As expected, the European Central Bank (ECB) has decided to keep money pumping into the euro zone economy for as long as needed, despite opposition from some rate setters and increased growth and inflation forecasts for the area. At the same time, the ECB has raised its euro zone growth forecasts from this year through to 2019 and nudged up its expectations for inflation, now seen at 1.7 percent in 2020, close to its target of almost 2 percent. But it has kept its interest rates at rock bottom and also held rigidly to its script on what it plans for next year in asset purchases.
Knowledgeable sources have confirmed that pressure from some policymakers to signal a possible change of plan was rebuffed as, in the opinion of ECB President Mario Draghi and his colleagues, things are looking up and the” revision of the macroeconomic projections is going in the right direction.” Speaking to the media last week, Draghi explained: “An ample degree of monetary stimulus remains necessary.” The overall EU economy is in a recovery mode and all indicators are up, including manufacturing, exports and consumption. These are sure signs of progress.
However, better-than-expected growth and, to a lesser extent, inflation are giving fresh ammunition to critics of the ECB’s 2.55 trillion euro ($3 trillion) bond-buying programme, such as Dutch central bank governor Klaas Knot. Indeed, two central bank chiefs have spoken to the media disclosing that a minority of ECB rate-setters at a recent meeting demanded that the ECB may change its easy-money pledge if euro zone inflation keeps accelerating. Their suggestions included dropping a pledge to continue to buy bonds until inflation converges to the ECB’s target or the option to increase purchases if the outlook worsens.
A large section of opinion in the ECB wants that if inflation continues to increase, the Bank will be forced to change the forward guidance perhaps. But most rate-setters opted to simply repeat the ECB’s plan to keep buying bonds at least until September and to keep rates at record lows well after that. But Draghi thinks that the quantitative easing asset-buying scheme has not yet “run its course” as thought by some people. Draghi has said that he was confident that the inflation target could be reached and he saw no negative effect from tightening by the U.S. Federal Reserve, which announced its third rate hike of 2017 recently.

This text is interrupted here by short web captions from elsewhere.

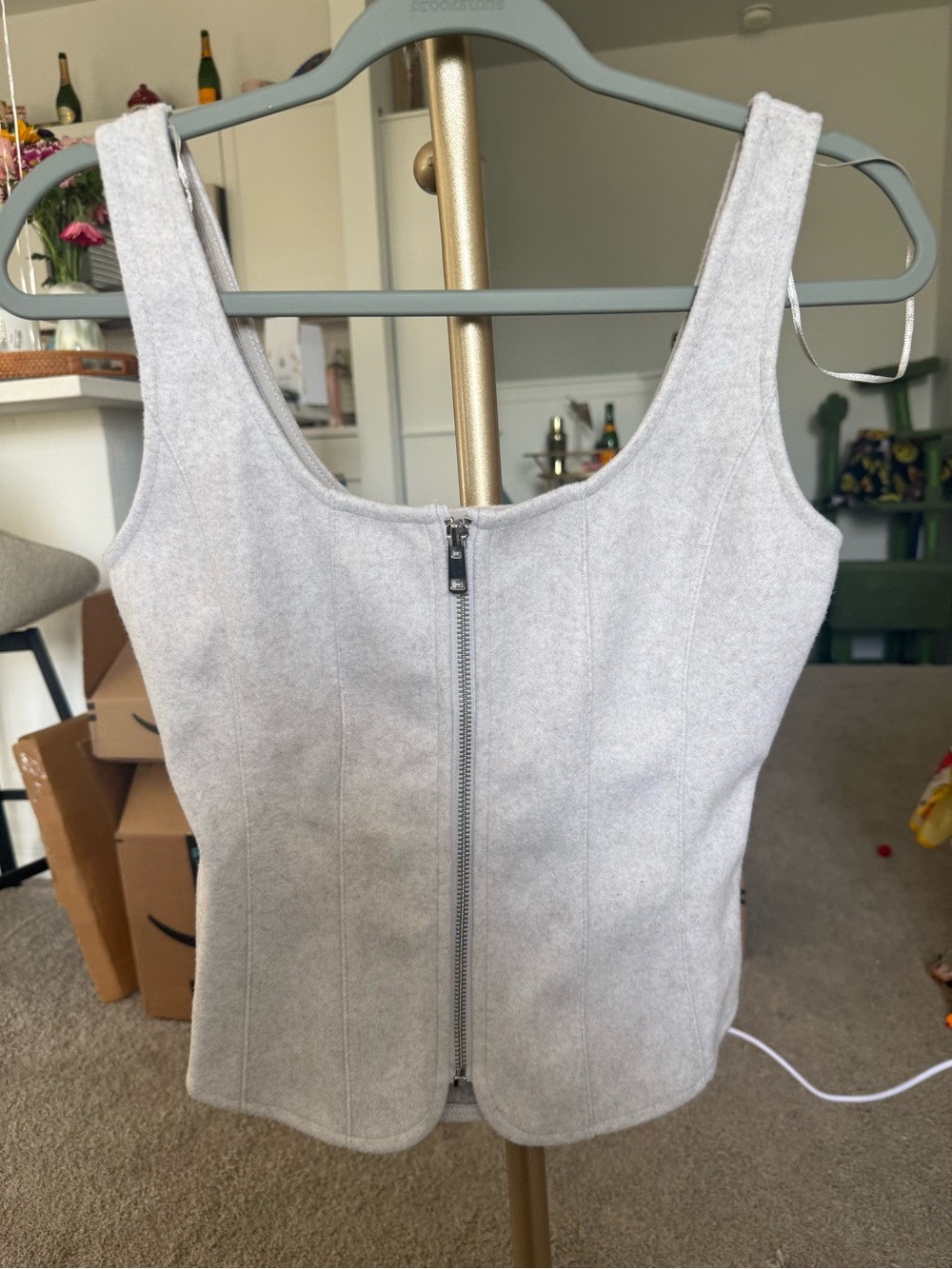 Zara Light Gray  Zip-Front tank top
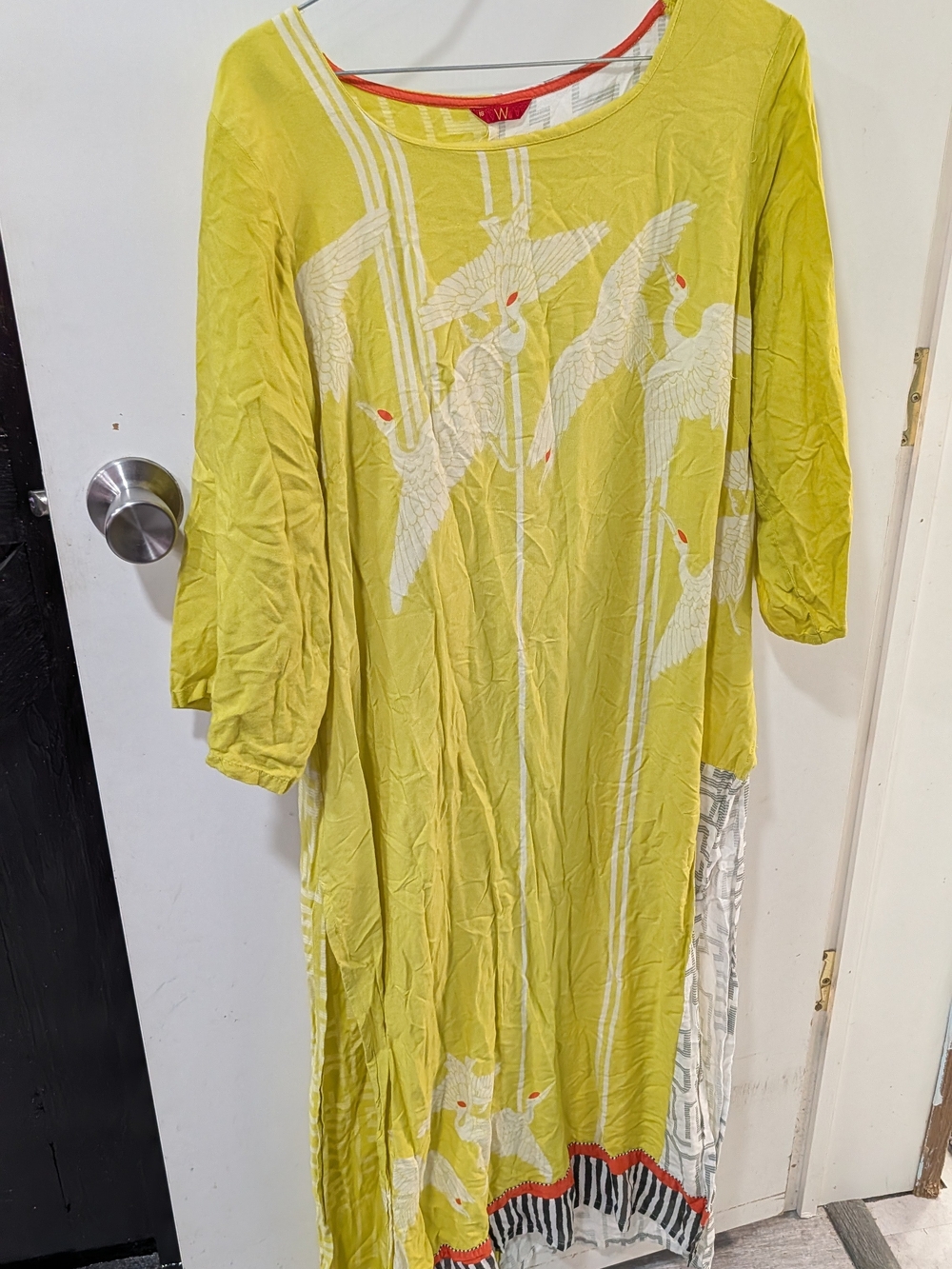 W for Women Lime Yellow Crane Print Maxi Kurta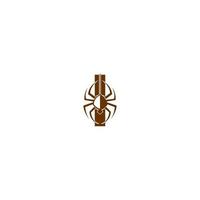 lettre i avec modèle de conception de logo icône araignée vecteur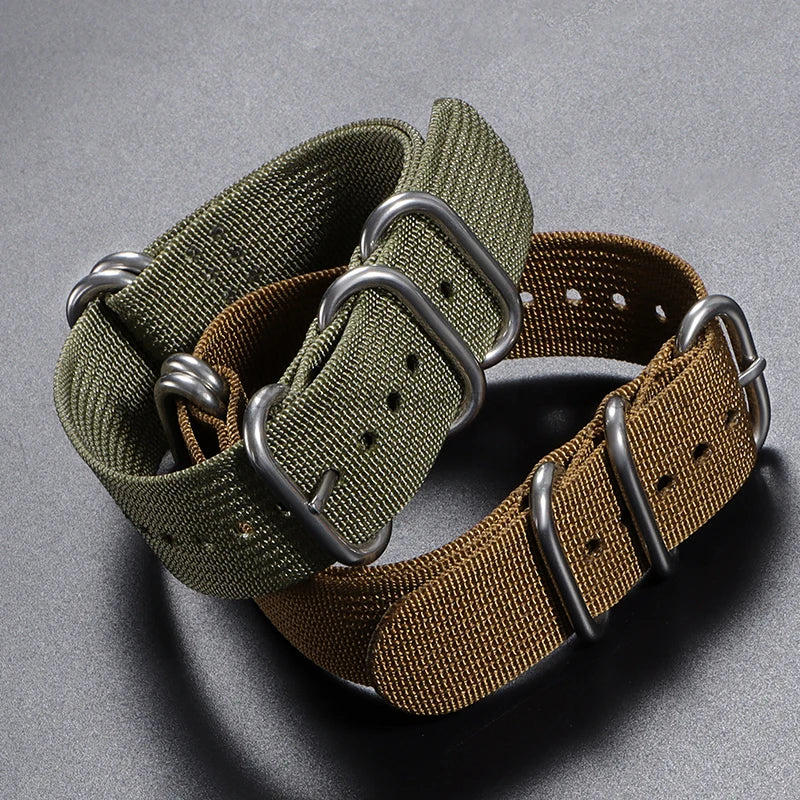 Ribbed Braided Nylon NATO Strap – Ring Buckle Watchband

Having faced five years of negative price pressures, the ECB has deployed its entire policy arsenal, cutting rates into negative territory, giving banks cheap loans and soaking up bonds with an unprecedented 2.55 trillion euros ($3 trillion) of purchases. Its work has paid off as the euro zone recovery is now well into its fifth year thanks to nine million new jobs, letting policymakers curb stimulus from next year and raising the prospect that the lavish bond buys it started in early 2015 could finally end. Draghi’s words have left the market in no doubt the ECB is in no rush to curb stimulus, giving further impetus to consumption and growth. In the present circumstances, it will be some time before the ECB will consider any change in monetary policy support. Nonetheless, in the presence of an expansion which is gaining momentum, ECB’s confidence towards the final objective is increasing. In the opinion of experts, the euro zone economy is making steady progress and full recovery is only a matter of time. Only then will the bonds purchase scheme be brought to an end.